Czasem mam to uczucie(wyżej nazwane) podczas oglądania zwykłego dotyku przez dwoje małżonków w telewizji,czy nawet czasem przez czytanie tego serwisu,w błahych sprawach,co budzi we mnie lęk,nie wiem czy zawsze słusznie i kiedy właściwie słusznie
Czy to znaczy,że za każdym razem popełniam grzech??Mogę przystępować do Komunii??

Czasem myślę,że to:"(„wyczuwanie istnienia” narządów rozrodczych)" pojawia się przez to,że bardzo chciałabym mieć męża,prawdziwie kochać i prawdziwie być kochaną przez miłość mego życia-męża.

Nie nazwałabym tego zazdrością{(chociaż może się mylę),bo jeśli związek jest oparty na pięknej miłości to życzę wszystkim w takich związkach wszystkiego co najlepsze}ale lubię popatrzeć sobie na szczęśliwe pary czy to małżeńskie czy narzeczeńskie.
Czy możliwe jest,aby stało się tak,że przez to moje zachowanie nie wyjdę nigdy za mąż,że powinnam po prostu dobrze żyć,a nie wyobrażać sobie przyszłego życia,wchodząc Bogu w drogę,a może Bóg tego chce??

Mam nadzieję,że to nie grzech,bo nie szukam przyjemności seksualnej w tych myślach czy zachowaniu,tylko takiej radości życia,może motywacji do dobrego życia??
Proszę o poradę

Odpowiedź:

Tego rodzaju myśli, o ile nie pojawiają się w nich historie nieczyste, nie są żadnym grzechem.
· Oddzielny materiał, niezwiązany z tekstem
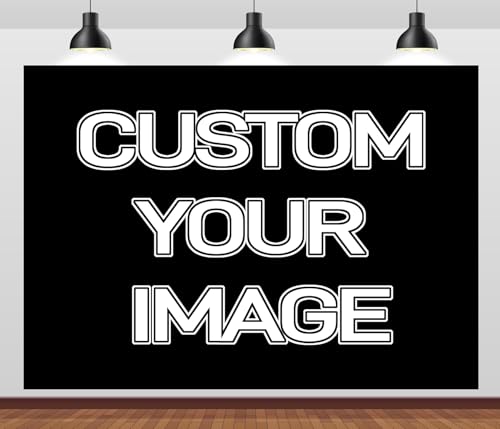 BELECO 8x8ft Fabric Custom Backdrop with Picture Logo Text Customize Your Design Personalized Background Customized Backdrop Banner for Party Decor Birthday Wedding Christmas Photoshoot Home Decor - size: 8x8FT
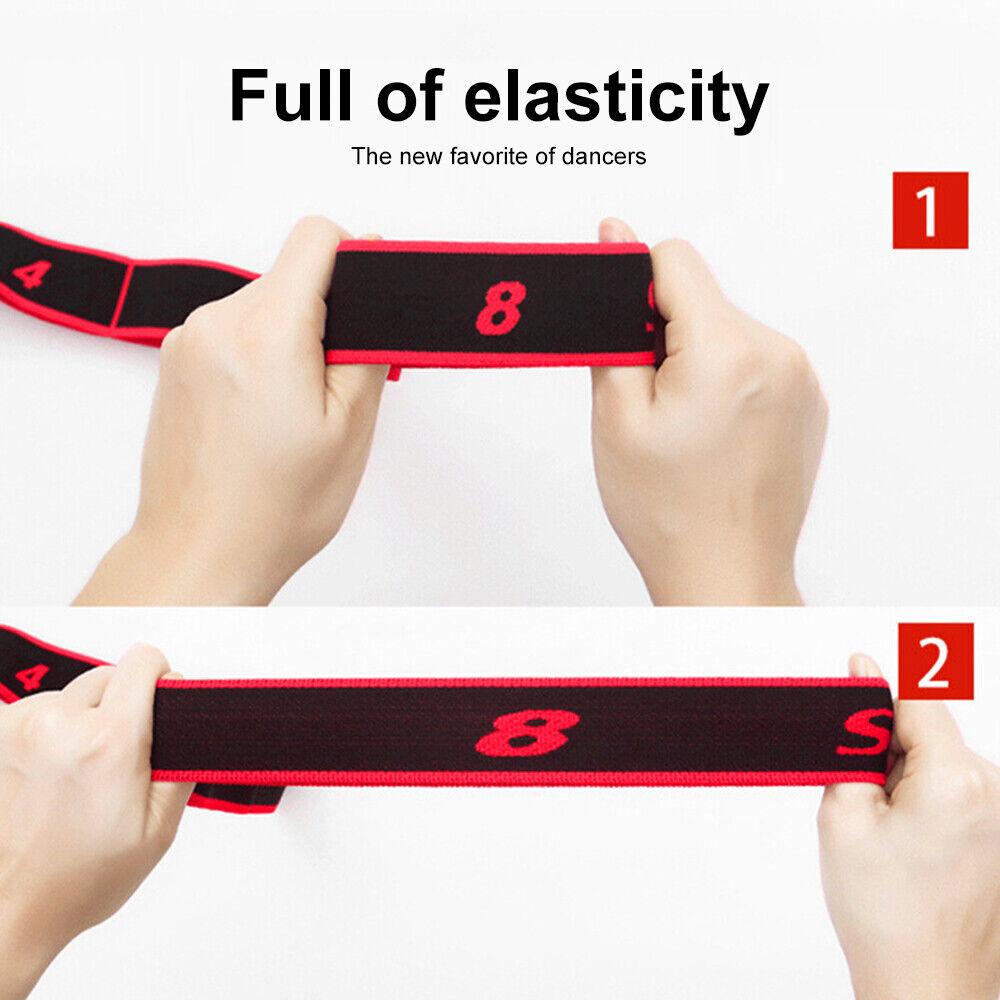 Yoga Straps for Stretching - Yoga Strap, Multi-Loop Stretching Strap, Elastic Yoga Stretch Strap, Pilates, Exercise, Dance and Gymnastics Yoga - Tophatter Daily Deals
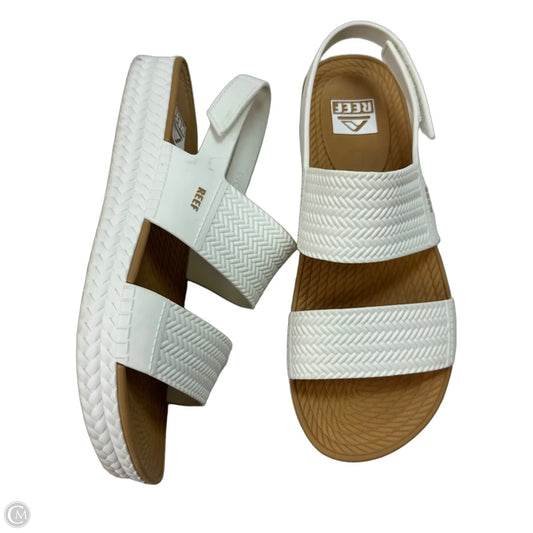 Sandals Flats By Reef In White, Size: 9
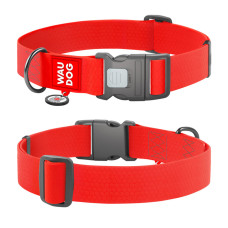 BB-WAUDOG obojek voděodolný Collartex Plastic červený QR (46-70cm/4cm)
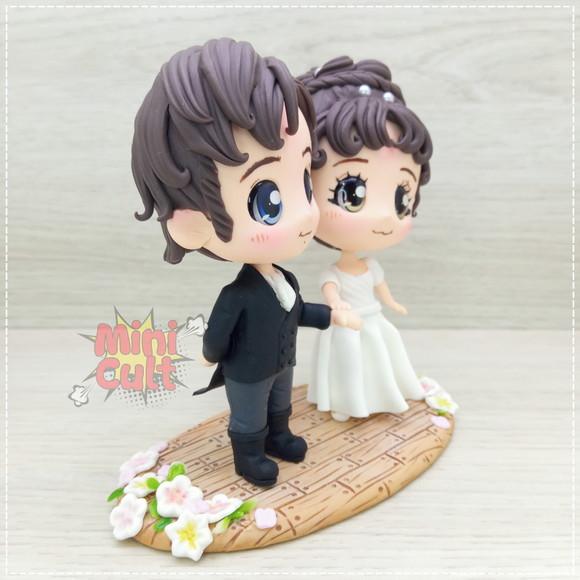 Mini Cult Mr. Darcy e Lizzy Bennet - Orgulho e Preconceito
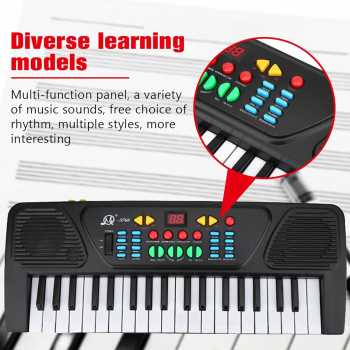 Gambar produk MAYGIV Piano Digital Elektrik Mainan Anak 37 Key with Microphone - MQ3768
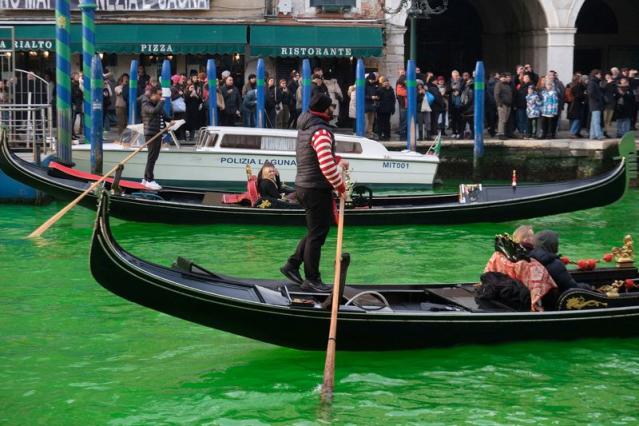 After Venice's Grand Canal turned green, investigation opened into why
Możesz mieć swoje marzenia. Możesz cieszyć się szczęściem innych. A to co piszesz najlepiej wskazuje, że to co odczuwasz nie jest faktycznie grzeszną przyjemnością seksualną. Raczej odczuciem podobnym do tego, co dzieje się z człowiekiem, gdy słyszy pod swoim adresem coś miłego, czy gdy przytula się do niego dziecko. 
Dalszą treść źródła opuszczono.